Aim of the exercise: Could you copy every line from the material below in which "Blue" appears?
------ Records to process ------
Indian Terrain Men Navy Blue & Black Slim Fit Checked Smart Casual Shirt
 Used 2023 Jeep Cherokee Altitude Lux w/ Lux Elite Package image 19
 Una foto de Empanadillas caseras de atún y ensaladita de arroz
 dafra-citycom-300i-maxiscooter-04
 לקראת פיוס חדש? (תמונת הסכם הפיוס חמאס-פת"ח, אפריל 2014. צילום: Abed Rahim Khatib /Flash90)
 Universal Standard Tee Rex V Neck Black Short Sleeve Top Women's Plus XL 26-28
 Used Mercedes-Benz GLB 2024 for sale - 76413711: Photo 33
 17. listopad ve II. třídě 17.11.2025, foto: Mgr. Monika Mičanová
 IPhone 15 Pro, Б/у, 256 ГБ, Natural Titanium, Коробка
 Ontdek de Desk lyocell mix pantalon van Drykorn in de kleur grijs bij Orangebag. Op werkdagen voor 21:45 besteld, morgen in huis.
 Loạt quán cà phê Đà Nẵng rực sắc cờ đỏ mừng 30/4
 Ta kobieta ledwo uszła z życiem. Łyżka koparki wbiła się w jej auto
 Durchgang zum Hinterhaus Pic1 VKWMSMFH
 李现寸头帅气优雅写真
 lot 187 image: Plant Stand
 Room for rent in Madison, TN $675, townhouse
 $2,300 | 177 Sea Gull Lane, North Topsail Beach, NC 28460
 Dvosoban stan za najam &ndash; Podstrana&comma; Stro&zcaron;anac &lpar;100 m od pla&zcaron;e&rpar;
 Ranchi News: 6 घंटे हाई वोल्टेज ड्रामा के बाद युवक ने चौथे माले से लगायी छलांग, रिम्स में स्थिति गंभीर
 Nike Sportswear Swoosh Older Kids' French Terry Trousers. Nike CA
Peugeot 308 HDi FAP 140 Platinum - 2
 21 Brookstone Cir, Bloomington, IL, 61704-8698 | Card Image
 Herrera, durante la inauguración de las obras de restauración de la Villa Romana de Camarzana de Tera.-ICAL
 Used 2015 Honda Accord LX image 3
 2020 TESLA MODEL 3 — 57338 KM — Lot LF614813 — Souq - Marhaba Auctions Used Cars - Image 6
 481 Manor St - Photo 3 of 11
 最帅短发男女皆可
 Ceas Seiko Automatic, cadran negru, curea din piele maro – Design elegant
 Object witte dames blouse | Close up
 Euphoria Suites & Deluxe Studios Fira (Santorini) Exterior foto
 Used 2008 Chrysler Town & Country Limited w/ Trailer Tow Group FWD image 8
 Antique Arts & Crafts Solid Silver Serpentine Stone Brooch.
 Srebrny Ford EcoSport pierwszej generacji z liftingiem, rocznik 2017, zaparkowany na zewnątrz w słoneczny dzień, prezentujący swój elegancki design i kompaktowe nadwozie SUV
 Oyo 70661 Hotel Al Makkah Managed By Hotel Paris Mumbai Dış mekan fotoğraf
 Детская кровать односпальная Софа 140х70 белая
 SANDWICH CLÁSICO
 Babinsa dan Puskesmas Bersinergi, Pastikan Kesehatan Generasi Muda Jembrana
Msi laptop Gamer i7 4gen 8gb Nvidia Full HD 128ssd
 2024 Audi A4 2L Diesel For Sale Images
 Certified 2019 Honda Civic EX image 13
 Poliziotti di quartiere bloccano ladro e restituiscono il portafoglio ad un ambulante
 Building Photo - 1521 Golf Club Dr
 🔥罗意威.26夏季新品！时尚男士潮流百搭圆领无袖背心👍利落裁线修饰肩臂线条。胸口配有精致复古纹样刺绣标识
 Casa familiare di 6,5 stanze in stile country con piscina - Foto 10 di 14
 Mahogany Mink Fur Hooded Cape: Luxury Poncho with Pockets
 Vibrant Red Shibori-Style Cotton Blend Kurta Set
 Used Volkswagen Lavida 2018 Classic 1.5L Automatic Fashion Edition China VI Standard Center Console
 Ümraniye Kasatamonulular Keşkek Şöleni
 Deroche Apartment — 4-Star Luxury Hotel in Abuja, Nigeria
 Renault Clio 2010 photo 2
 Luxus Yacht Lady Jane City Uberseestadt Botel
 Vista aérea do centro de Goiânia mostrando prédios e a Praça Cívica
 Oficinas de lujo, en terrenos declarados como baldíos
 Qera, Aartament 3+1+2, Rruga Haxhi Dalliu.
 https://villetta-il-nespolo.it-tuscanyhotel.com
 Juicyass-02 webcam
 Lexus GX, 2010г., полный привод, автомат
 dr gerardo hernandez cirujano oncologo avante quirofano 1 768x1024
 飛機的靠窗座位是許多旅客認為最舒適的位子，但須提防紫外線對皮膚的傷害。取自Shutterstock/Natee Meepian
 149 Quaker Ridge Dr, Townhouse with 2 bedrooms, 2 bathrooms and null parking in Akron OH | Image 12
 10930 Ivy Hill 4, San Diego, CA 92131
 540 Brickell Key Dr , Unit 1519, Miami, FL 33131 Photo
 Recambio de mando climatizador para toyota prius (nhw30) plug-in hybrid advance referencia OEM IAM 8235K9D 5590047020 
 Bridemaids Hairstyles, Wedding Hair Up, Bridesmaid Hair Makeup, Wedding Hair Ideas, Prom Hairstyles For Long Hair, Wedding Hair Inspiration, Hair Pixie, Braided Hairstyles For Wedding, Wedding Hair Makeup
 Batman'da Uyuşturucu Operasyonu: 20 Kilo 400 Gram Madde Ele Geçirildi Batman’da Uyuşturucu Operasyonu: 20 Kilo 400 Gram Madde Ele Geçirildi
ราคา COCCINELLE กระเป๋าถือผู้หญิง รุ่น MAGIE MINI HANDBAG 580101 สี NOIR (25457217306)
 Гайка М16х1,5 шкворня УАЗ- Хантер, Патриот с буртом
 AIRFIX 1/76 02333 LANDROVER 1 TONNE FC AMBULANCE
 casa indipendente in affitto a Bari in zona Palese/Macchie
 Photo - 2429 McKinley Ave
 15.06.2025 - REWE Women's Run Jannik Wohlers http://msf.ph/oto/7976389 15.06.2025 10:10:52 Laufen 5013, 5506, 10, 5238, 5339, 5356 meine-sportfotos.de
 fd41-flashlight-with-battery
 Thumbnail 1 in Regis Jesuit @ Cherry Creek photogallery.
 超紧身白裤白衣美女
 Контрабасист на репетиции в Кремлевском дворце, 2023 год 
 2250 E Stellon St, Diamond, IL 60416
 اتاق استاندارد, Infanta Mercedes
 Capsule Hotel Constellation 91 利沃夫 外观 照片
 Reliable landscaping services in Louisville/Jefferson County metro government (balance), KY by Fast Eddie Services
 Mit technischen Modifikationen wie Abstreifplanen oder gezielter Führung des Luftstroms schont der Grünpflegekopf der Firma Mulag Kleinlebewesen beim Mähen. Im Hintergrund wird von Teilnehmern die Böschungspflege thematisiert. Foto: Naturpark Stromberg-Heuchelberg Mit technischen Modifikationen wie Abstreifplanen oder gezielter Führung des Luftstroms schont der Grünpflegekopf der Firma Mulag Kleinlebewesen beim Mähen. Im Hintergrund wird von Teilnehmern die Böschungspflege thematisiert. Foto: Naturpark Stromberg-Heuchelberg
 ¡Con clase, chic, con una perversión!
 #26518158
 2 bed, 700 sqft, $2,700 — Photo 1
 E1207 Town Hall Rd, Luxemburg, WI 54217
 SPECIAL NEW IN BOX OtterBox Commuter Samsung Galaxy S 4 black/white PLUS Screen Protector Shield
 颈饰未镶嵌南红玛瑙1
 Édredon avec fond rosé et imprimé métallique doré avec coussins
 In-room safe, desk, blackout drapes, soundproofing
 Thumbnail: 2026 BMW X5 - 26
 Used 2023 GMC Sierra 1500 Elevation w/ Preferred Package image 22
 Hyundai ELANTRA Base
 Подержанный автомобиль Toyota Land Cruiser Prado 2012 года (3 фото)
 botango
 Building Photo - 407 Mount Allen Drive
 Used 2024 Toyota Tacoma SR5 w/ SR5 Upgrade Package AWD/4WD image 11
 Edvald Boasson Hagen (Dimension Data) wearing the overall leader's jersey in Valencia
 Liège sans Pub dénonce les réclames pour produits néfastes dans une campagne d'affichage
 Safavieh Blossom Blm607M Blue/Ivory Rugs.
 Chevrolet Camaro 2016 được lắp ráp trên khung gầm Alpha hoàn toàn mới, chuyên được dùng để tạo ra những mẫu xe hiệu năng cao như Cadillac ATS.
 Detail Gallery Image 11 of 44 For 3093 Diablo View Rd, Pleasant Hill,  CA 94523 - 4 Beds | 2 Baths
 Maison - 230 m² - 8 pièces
------
Answer to the problem:
Indian Terrain Men Navy Blue & Black Slim Fit Checked Smart Casual Shirt
 Safavieh Blossom Blm607M Blue/Ivory Rugs.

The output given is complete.